Every product ranked here is evaluated using our G6 composite methodology: Evidence Quality (30%), Ingredient Transparency (25%), Value (20%), Real-World Performance (15%), and Third-Party Verification (10%).
Medical Disclaimer: This guide is for educational purposes only. Fertility concerns require evaluation by a reproductive endocrinologist or OB/GYN. Supplements do not treat infertility, blocked tubes, severe male factor, or structural pathology.
The Evidence Base for Fertility Supplementation
The most important concept in reproductive supplementation is the oocyte maturation window: primary oocytes take approximately 90 days to complete the final stages of maturation before ovulation.

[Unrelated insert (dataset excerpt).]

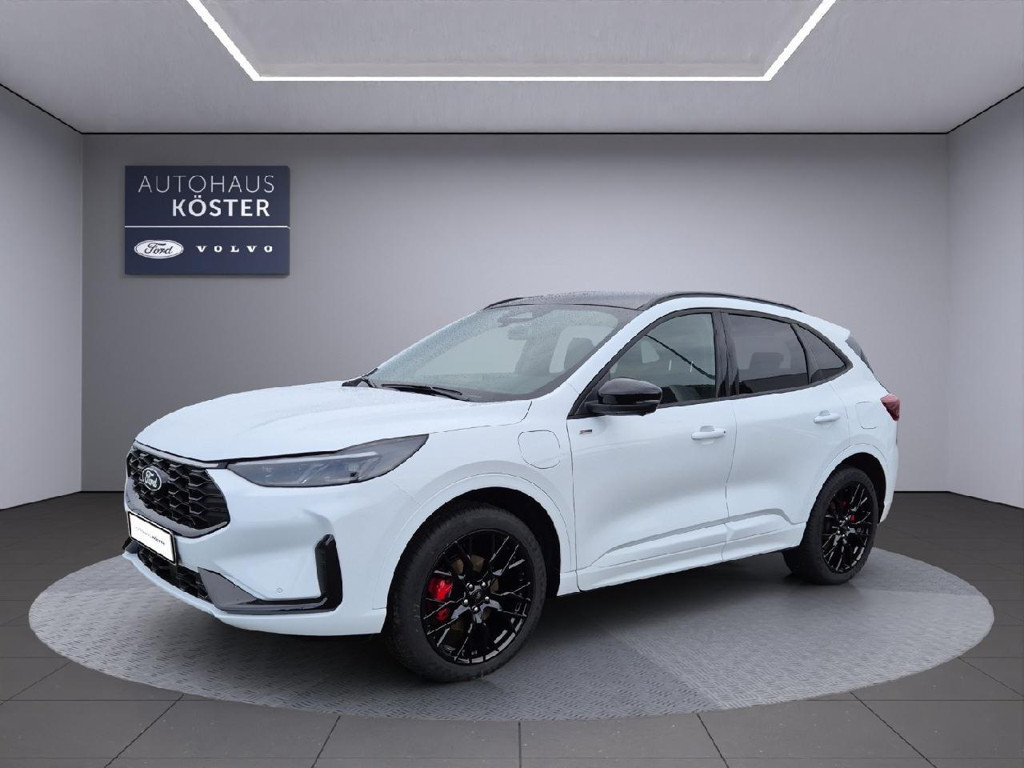 Ford Kuga ST Line Plug in Hybrid Hybrid X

This is why fertility supplement protocols are typically initiated 3 months before a planned conception attempt or IVF egg retrieval — the biological window for intervention is the 90-day pre-ovulation period, not the month of the cycle itself.
The supplements with the most replicated human trial evidence fall into four mechanistic categories:
- Mitochondrial support (CoQ10): Oocyte maturation is one of the most energy-intensive processes in human biology. Mitochondrial dysfunction — which increases with age — directly degrades oocyte quality and fertilization capacity.
- Insulin and hormone signaling (myo-inositol): In PCOS, insulin resistance drives hyperandrogenism and anovulation. Inositol isomers sensitize insulin receptors in ovarian tissue and restore FSH signaling.
- One-carbon metabolism (methylfolate): Folate drives DNA methylation and nucleotide synthesis — processes essential for normal cell division from the earliest embryo stages.
- Hormonal substrate and immune regulation (vitamin D, DHEA): Vitamin D receptors are expressed throughout the reproductive system. Deficiency is associated with impaired folliculogenesis, reduced IVF success, and increased miscarriage risk. DHEA is an androgen precursor that may restore ovarian reserve in specific patient populations.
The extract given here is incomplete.